Big if true. But it isn't. And Renee Ellory herself would probably recognize that fact if her career didn't depend on her remaining ignorant of scientific studies directly contradicting the claims made in her courses. But she's been able to do a lot of damage to a lot of law enforcement officers, who now believe -- with zero facts in evidence -- they can detect lies just looking for "universal facial expressions" and fleeting "microexpressions" on subjects' faces.
Ellory proudly touts her selection as one of only 50 "truth wizards" who can "spot deception with exceptional accuracy" in her marketing materials [PDF]. This is based on the Wizards Project (I am not making this up) run by Paul Ekman and researchers at the University of California. This "wizard" designation is as worthless as the pseudoscience behind it.
While the theory of universal expressions dates back to Charles Darwin, research has been mixed, and Ekman’s work in this area has been repeatedly challenged by scientists in recent years as unreliable, in part because of methodological issues.

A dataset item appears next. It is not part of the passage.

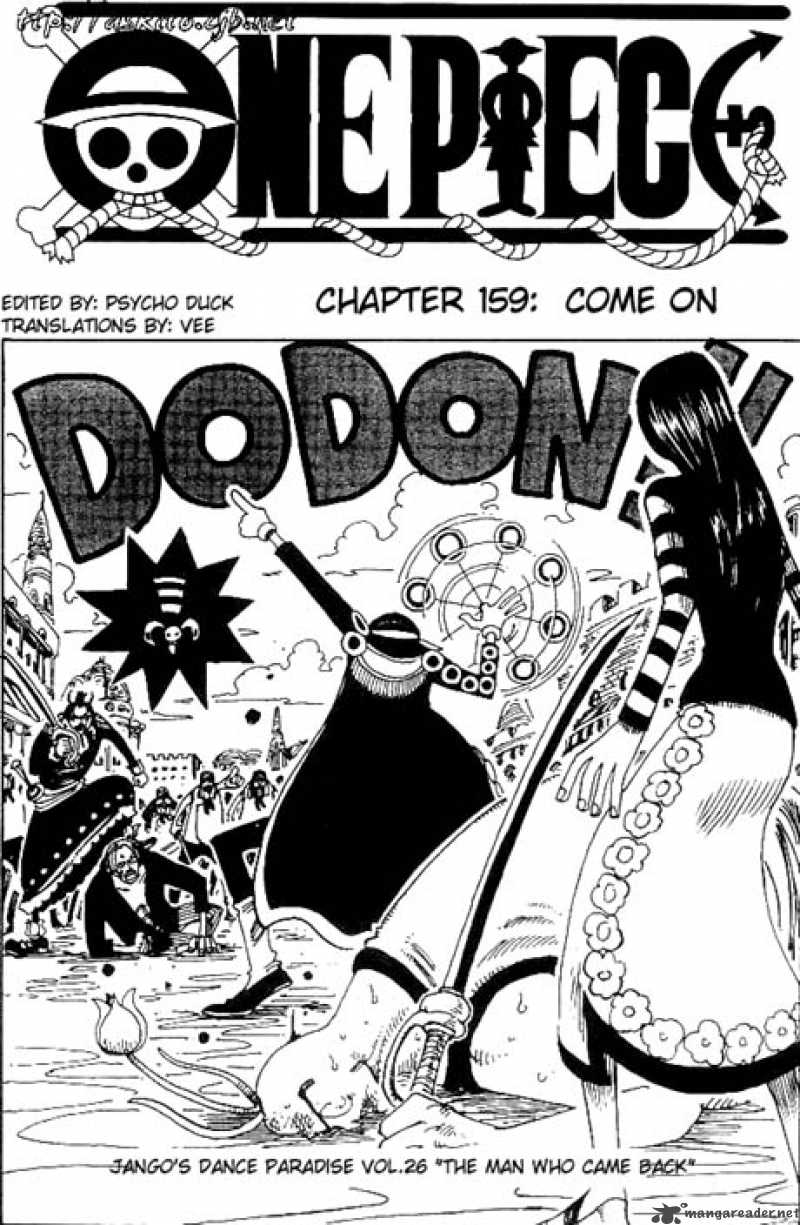 One Piece Chapter 159 — page 1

Where microexpressions are concerned — also an area of Ekman’s studies — subsequent research has found them “rare and nondiagnostic,” Kukucka said, and that training individuals to see them doesn’t actually work.

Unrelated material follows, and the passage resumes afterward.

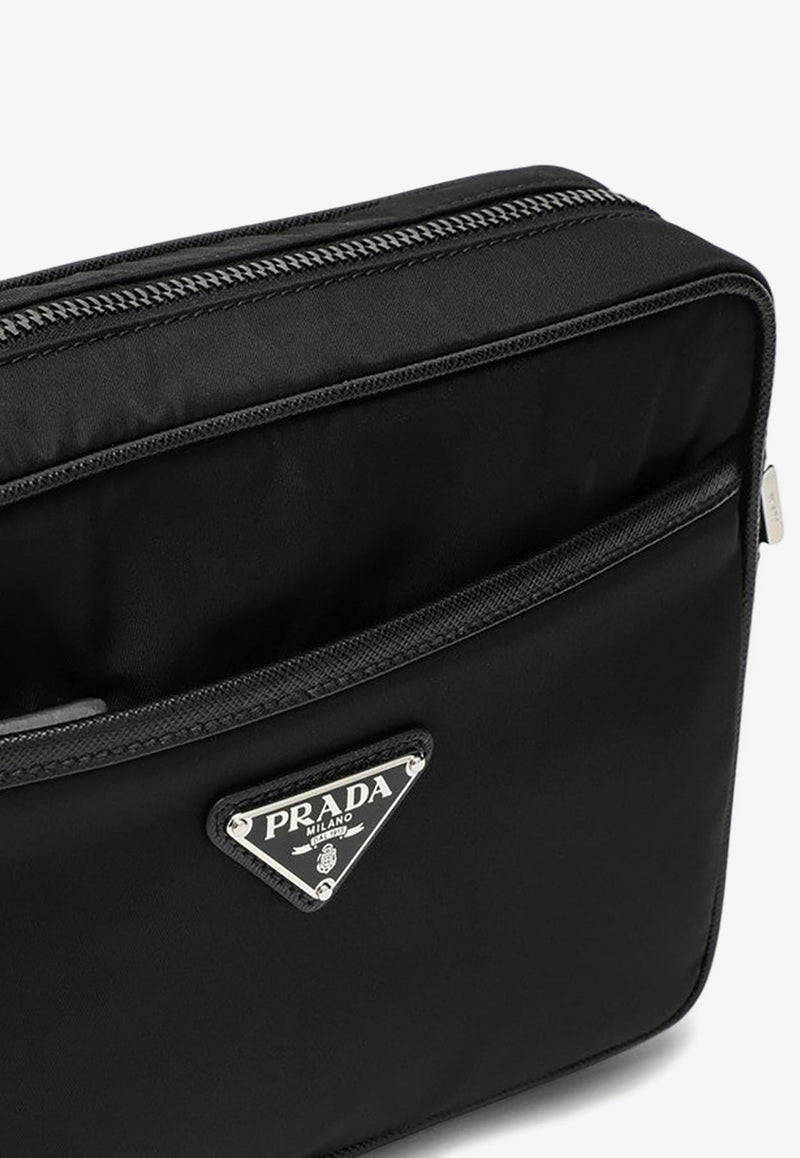 Triangle Logo Re-Nylon Messenger Bag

It's still just a coin toss, no matter how much training officers receive. This is the same junk science the TSA thinks will help it catch terrorists. The problem here is trainees believe they're actually better at detecting lies after having their heads filled with unproven assertions all day long by someone who fervently believes they can detect lies better than 99.9999999% of the population. Years of training can't make these results replicable. A day or two of training does nothing more than make officers believe they can do something they actually can't: detect lies just by looking at facial expressions.
When reached for comment, Ellory offered several -- most of them defensive But this one's remarkable in its level of self-regard:
“I find at times with my gift, it’s akin to seeing color in a world where other people live in a colorblind world. Seeing color is ‘real’ but trying to convince a color blind person color exists is nearly impossible,” she wrote. “I tell people in my classes what I teach will be common knowledge in 100 years, but we are still in the dark ages when it comes to understanding human behavior and deception,” she continued. “At a point, I learned, I can’t change the world alone. But I can educate those who are open to learning and they have thanked me endlessly."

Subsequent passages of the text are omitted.